Generally, glass lenses allow more light to be transmitted through the lens and usually have very clear optical qualities. It is hard, but not impossible, to scratch a glass lens. A glass lens is generally heavier than an acrylic lens of the same size.


Acrylic lenses are used as an alternative to glass lenses. They are usually very lightweight compared to glass lenses. Acrylic is the common name for Poly(methyl methacrylate) (PMMA), a thermoplastic or transparent plastic, created in 1928. Its composition normally prevents breakage and shattering and it is normally scratch-resistant. With modern technology, it has become possible to produce magnifiers with exceptional optical qualities using an acrylic lens. A majority of today’s magnifier lenses come with a high quality acrylic lens



What is the difference between Diopter and Magnification?

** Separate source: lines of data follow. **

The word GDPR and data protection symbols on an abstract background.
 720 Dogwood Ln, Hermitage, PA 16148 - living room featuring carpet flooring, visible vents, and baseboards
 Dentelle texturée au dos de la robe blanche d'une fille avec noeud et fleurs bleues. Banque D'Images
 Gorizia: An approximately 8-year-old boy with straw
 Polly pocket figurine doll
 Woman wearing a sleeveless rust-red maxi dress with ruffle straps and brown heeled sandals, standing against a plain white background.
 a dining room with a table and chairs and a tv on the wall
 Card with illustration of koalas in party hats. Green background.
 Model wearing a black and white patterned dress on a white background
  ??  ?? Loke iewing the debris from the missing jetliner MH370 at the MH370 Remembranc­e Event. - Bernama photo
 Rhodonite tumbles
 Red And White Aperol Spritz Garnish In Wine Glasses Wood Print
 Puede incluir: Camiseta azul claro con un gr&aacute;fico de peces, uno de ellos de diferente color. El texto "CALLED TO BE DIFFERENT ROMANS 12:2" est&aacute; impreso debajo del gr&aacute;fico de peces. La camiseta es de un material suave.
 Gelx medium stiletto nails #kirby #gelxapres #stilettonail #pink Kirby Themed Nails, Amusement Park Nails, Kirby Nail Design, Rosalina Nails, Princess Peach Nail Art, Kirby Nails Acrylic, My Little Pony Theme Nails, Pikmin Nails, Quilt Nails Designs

Diopter refers to the curvature of the lens. As the diopter increases, the lens become thicker and the curvature greater. As the curvature increases, light rays are redirected to fill a greater portion of the viewer’s retina which makes the object look bigger.

Powers refers to how much larger an object is made to look through a magnifying lens. Power is typically indicated by an X such 2X or 4X.

There is more than one formula to converts the diopter of a lens into its power, we as a company use the common formula: Magnification = (Diopter / 4) +1

For example an 3 diopter lens makes an object look 75% times larger, over and above what the unaided eye already sees.

NB:  As you increase the magnification the lens size effectively decreases. It is not possible to get a high power lens in a large diameter. Opticical combinations are a compromise for  the “ideal” magnifier.